In the bible, 1 Samuel (15:3) says: “Now go, attack the Amalekites, and totally destroy all that belongs to them. Do not spare them; put to death men and women, children and infants, cattle and sheep, camels and donkeys.”
So it’s not enough to wipe out everyone down to the last infant, but their livestock is also under suspicion of…what? ‘Godlessness?’.
However, some people are concerned that this story will teach genocide to children, as various faiths have tried to use it to justify violent acts, reports the U.K. Guardian.
Insert ‘Abramanic’ in between ‘various’ and ‘faiths’. Oh, but wait: we can’t offend the little weirdoes, can we?
On their web site, the CEF says: “As with all CEF ministries, the purpose of Good News Club is to evangelize boys and girls with the Gospel of the Lord Jesus Christ and establish (disciple) them in the Word of God and in a local church for Christian living.”
Polluting their brains, you mean.
There over 3,000 clubs in public schools, since a 2001 Supreme Court ruling, which said that the Good News Clubs can meet in public schools in the United States after school hours on the same terms as other community groups. The kids are not required to go to the Good News Clubs and need parental permission to attend.
One can only hope that decent intelligent parents will say ‘no’.
Beyond the biblical teaching, are follow up questions that disturb critics.
‘Beyond the biblical teaching’? This is the problem with accommodating these throwbacks: the bible is a load of shit, plain and simple.
The CEF instruction manual reportedly states: “The Amalekites had heard about Israel’s true and living God many years before, but they refused to believe in him. The Amalekites refused to believe in God and God had promised punishment.”
Translation: the head priests made some shit up, and stoked up the rabble to go after the malcontents. The Amalekites were Semitic, after all.

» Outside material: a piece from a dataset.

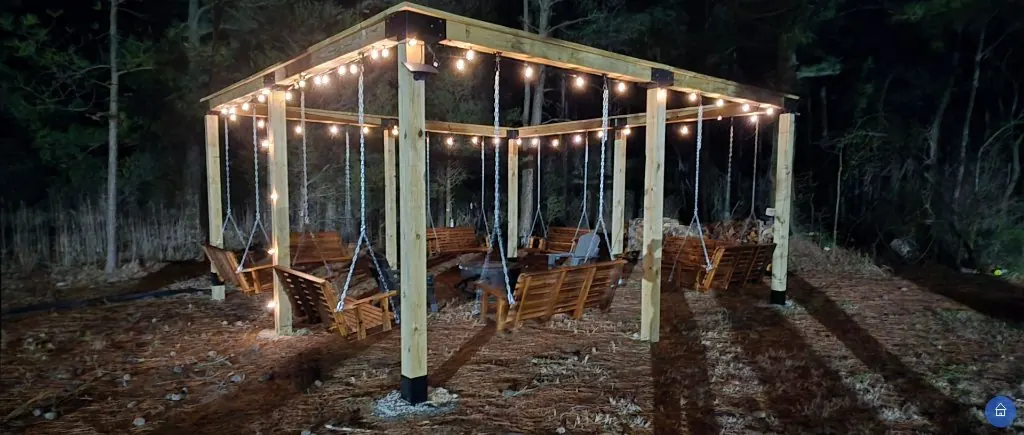 Family group under the lighted pergola at dusk — golden light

“If you are asked to do something, how much of it do you need to do before you can say, ‘I did it!’? If only Saul had been willing to seek God for strength to obey!”

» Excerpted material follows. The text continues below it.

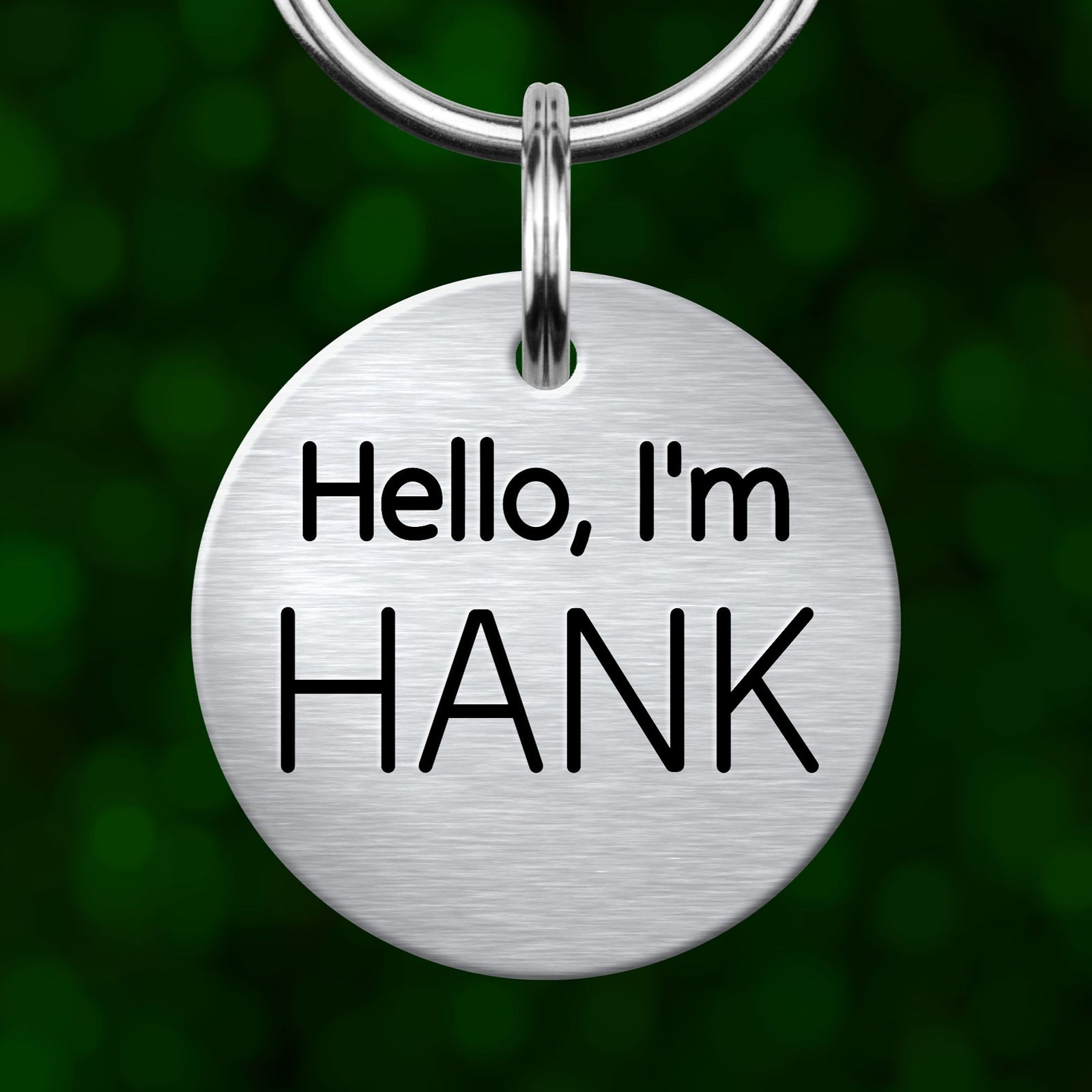 A silver-colored keychain tag with the text "Hello, I'm HANK" printed on it.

Translation: if only old Saul had been a teeny weeny more psychotic!
A review question in the text adds: “How did King Saul only partly obey God when he attacked the Amalekites? [He did not completely destroy as God had commanded, he kept the king and some of the animals alive.]”

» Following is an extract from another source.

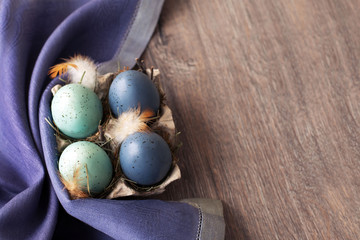 Easter eggs on wooden background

This is one of those items that I find truly frightening about religious people. Many many years ago (when I was studying the bible, and was giving some thought to actually ‘converting, another long story in and of itself), I started having some serious ethical doubts about the ‘holy’ book, specifically about the slaughter of the Canaanites. So I called my BAC buddy, and asked him. “Oh,” he tossed off casually, “that’s easy. The Canaanites were people of loose morality – they had too much sex with complete strangers.” (That’s not verbatim, loose paraphrase, but close enough.) I got off the phone, thought about it, and recoiled inwardly in horror. Because it’s a lousy excuse.
In the case of the Amalekites, the Talmud/Torah talks about this tribe constantly attacking and assaulting the Israelites on a regular basis. So this ‘hey gawd told us to’ is just a cover for exterminating the bad guys.
If they really were, that is. Historical analysis and comparisons between the facts and the fables show that the Talmud is a load of shit. Almost everything in it is wrong. It’s a chronicle of a bunch of barbarians patting themselves on their collective backs and making up a lot of fish stories.
Or to put it in context: it’s all mishegas.